### WHAT IS EXPECTED
Please output exactly the lines below, starting at the line that has "IMG_0404.jpeg" and ending at the line that has "Caselio La Foret", both included; leave out all pictures and include nothing else.

### DATA
★ ★ ★

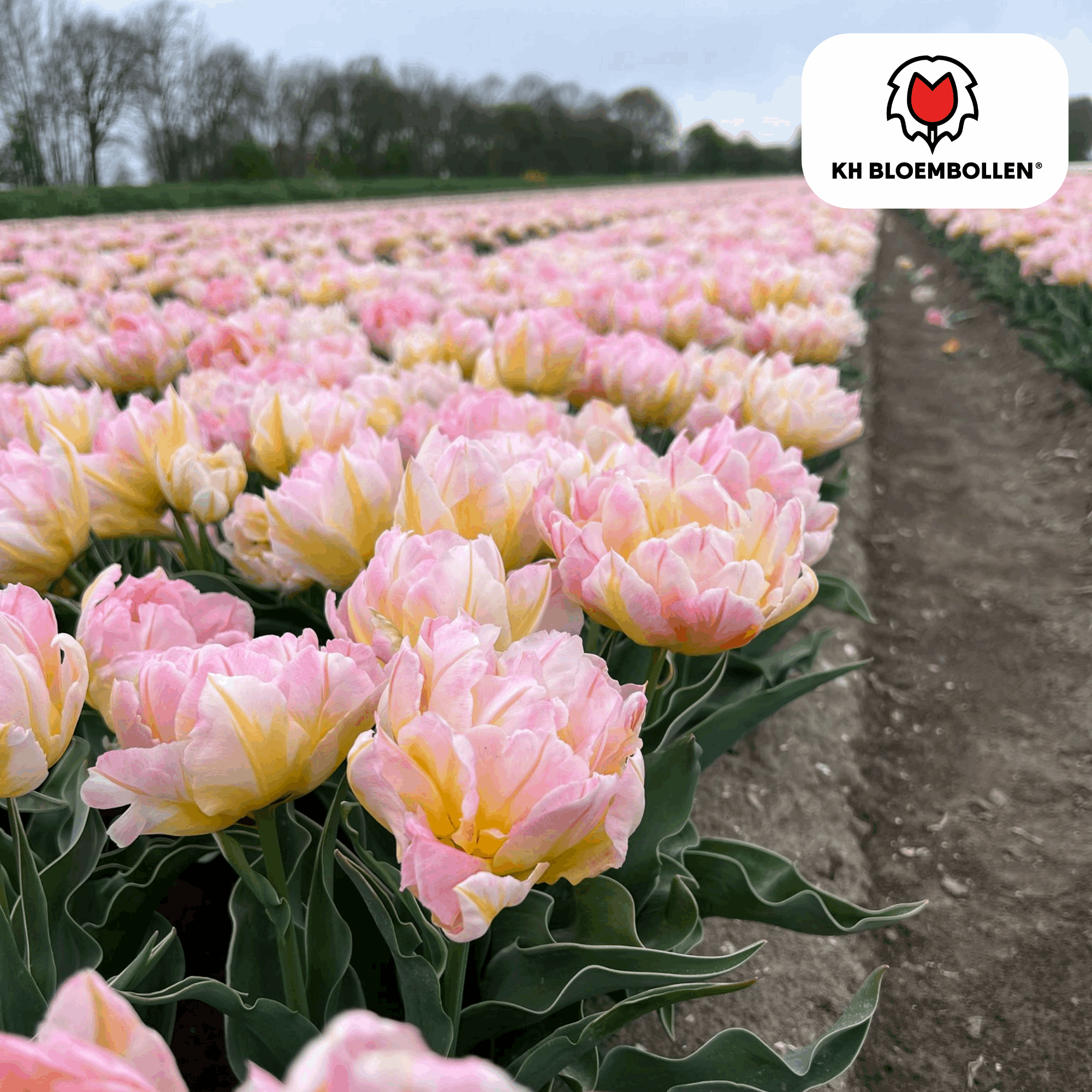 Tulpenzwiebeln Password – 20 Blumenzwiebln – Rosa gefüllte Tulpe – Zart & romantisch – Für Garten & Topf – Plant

★ ★ ★

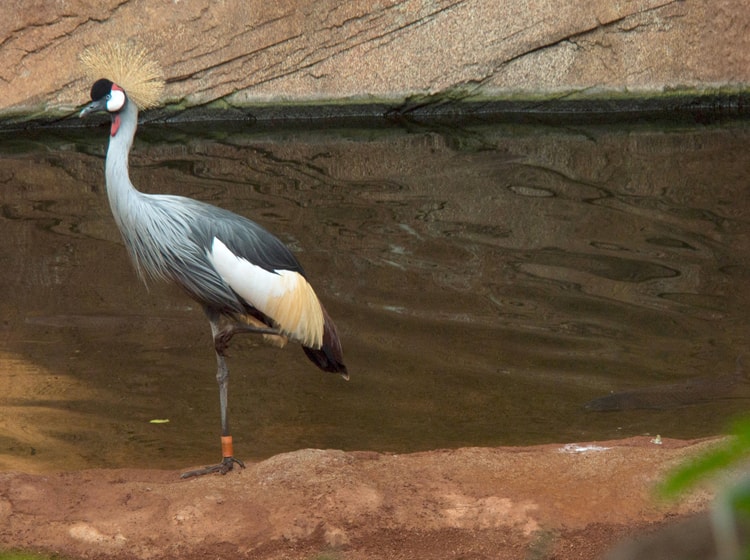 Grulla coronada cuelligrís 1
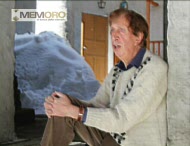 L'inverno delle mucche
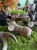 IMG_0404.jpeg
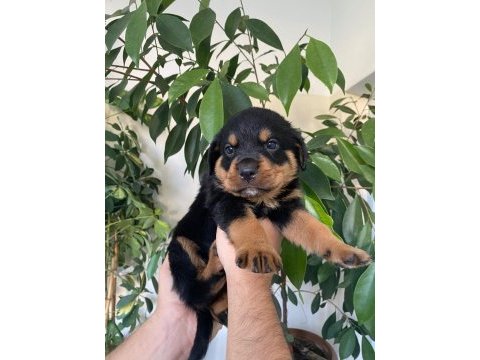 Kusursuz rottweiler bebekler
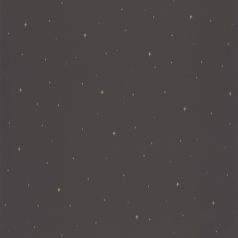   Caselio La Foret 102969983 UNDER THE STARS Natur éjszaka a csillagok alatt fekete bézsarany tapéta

★ ★ ★

### SOLUTION TO THIS PROBLEM
 IMG_0404.jpeg
 Kusursuz rottweiler bebekler
   Caselio La Foret 102969983 UNDER THE STARS Natur éjszaka a csillagok alatt fekete bézsarany tapéta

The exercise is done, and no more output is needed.